§ About this task
Please, starting at the line that contains "Ốp lưng bảo", reproduce every line exactly until the records run out, skipping all pictures.

##### Records for the exercise

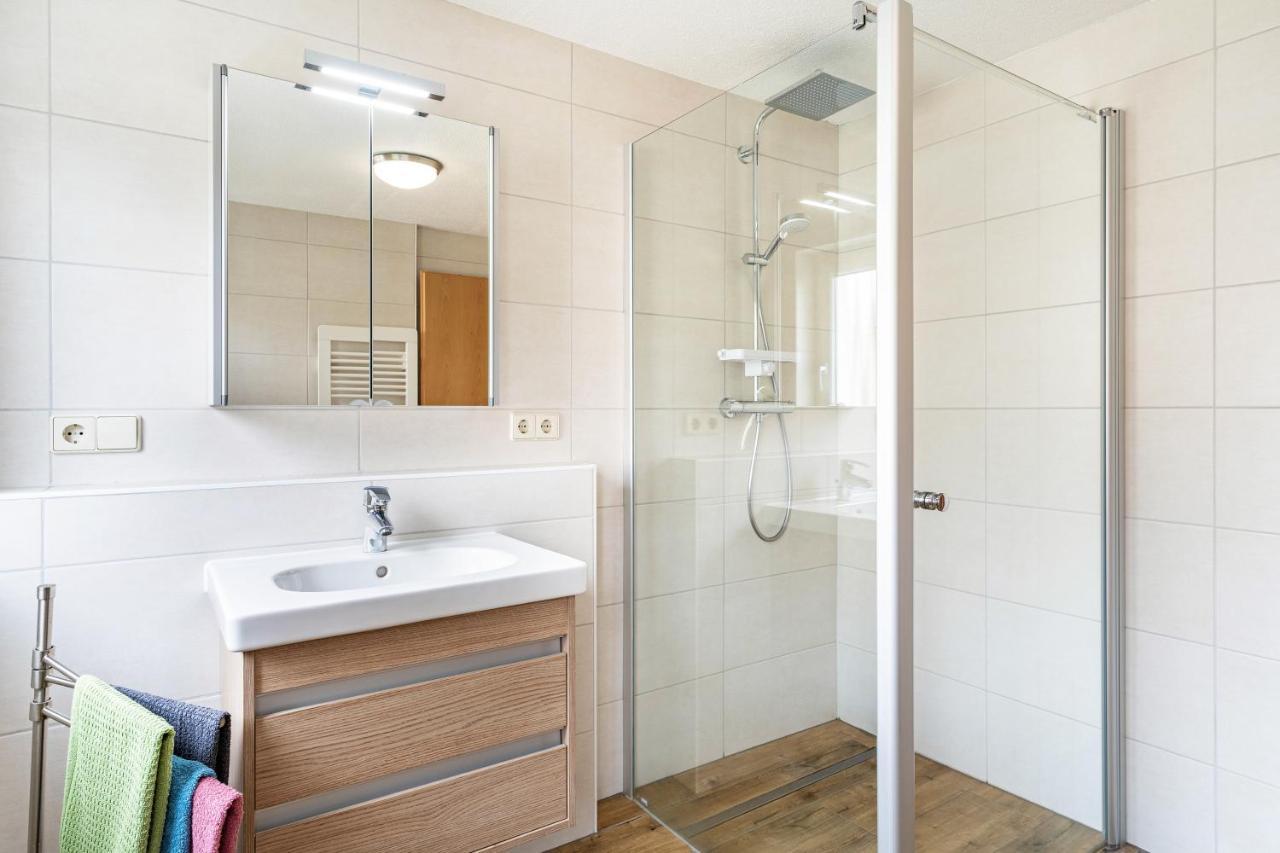 Sonnenschein Apartment เซลอัมฮาร์เมอร์บัค ภายนอก รูปภาพ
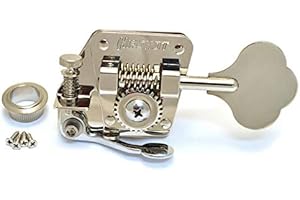 Hipshot BT2 Clover Key Nickel Bass Xtender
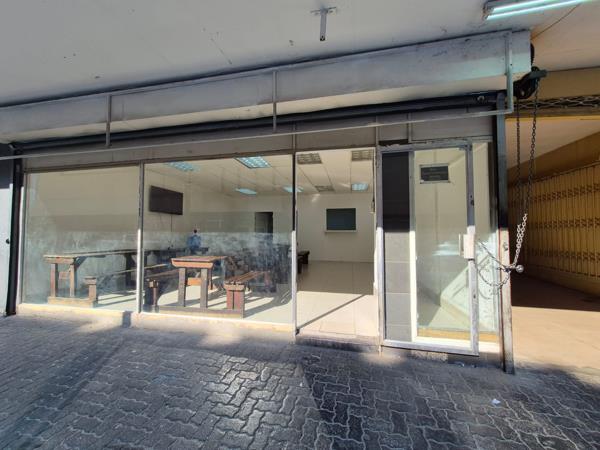 80 m² Commercial space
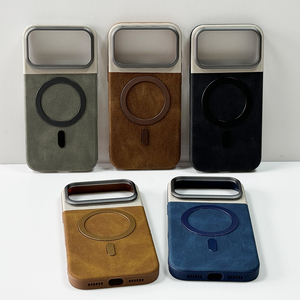 Ốp lưng bảo vệ mới cho <span class=keywords><strong>iPhone</strong></span> 17 Pro Max, ốp điện thoại từ tính cho <span class=keywords><strong>iPhone</strong></span> 17 - Product Image 1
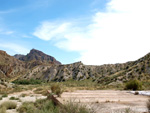 Grupo Mineralógico de Alicante.Paraje los Terreros. Valle de Ricote.Ojós. Murcia.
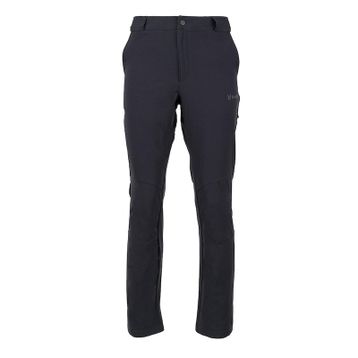2AS 2ASIRNP2202 Iron Siyah Erkek Pantolon
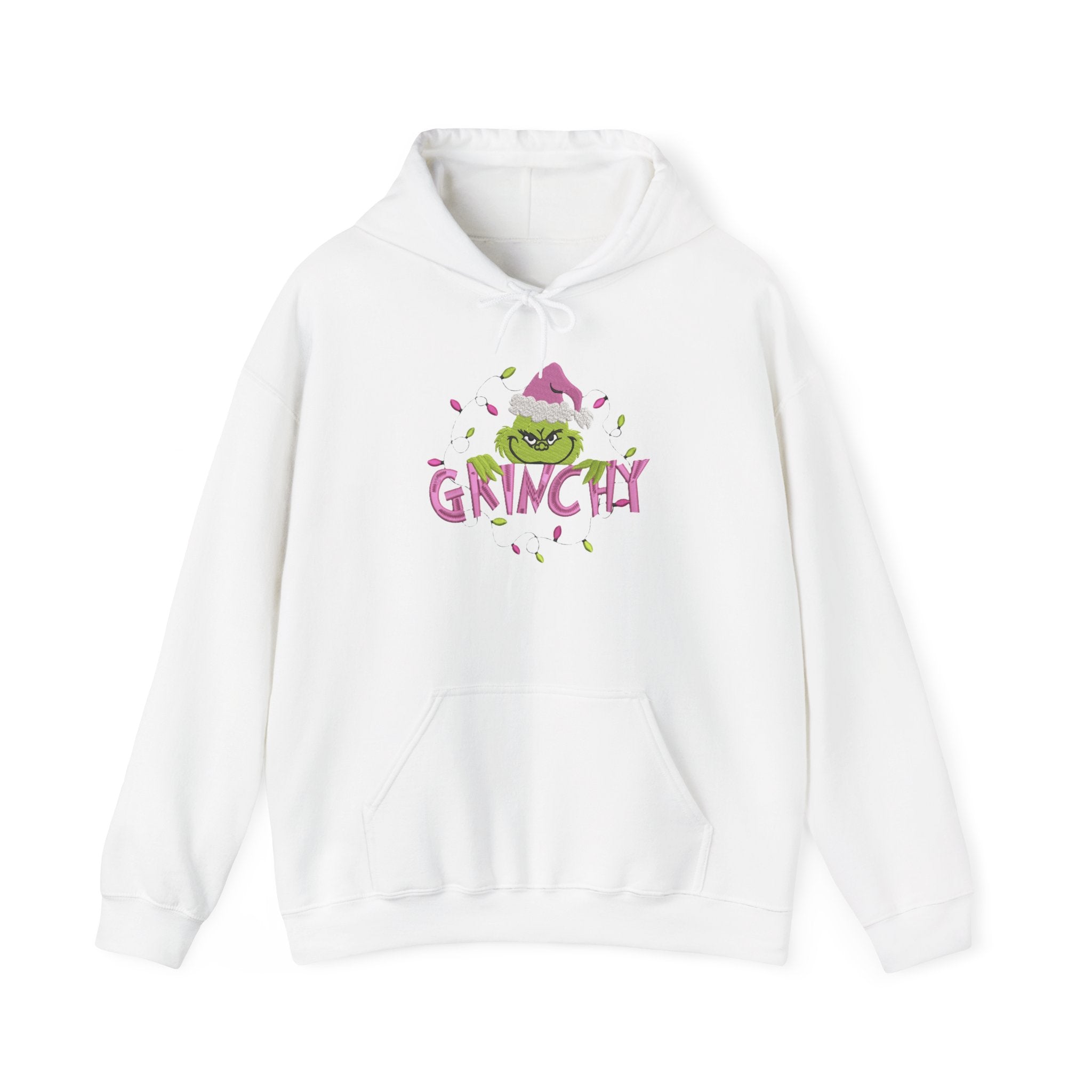 Grinchy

##########

§ Output
 Ốp lưng bảo vệ mới cho <span class=keywords><strong>iPhone</strong></span> 17 Pro Max, ốp điện thoại từ tính cho <span class=keywords><strong>iPhone</strong></span> 17 - Product Image 1
 Grupo Mineralógico de Alicante.Paraje los Terreros. Valle de Ricote.Ojós. Murcia.
2AS 2ASIRNP2202 Iron Siyah Erkek Pantolon
 Grinchy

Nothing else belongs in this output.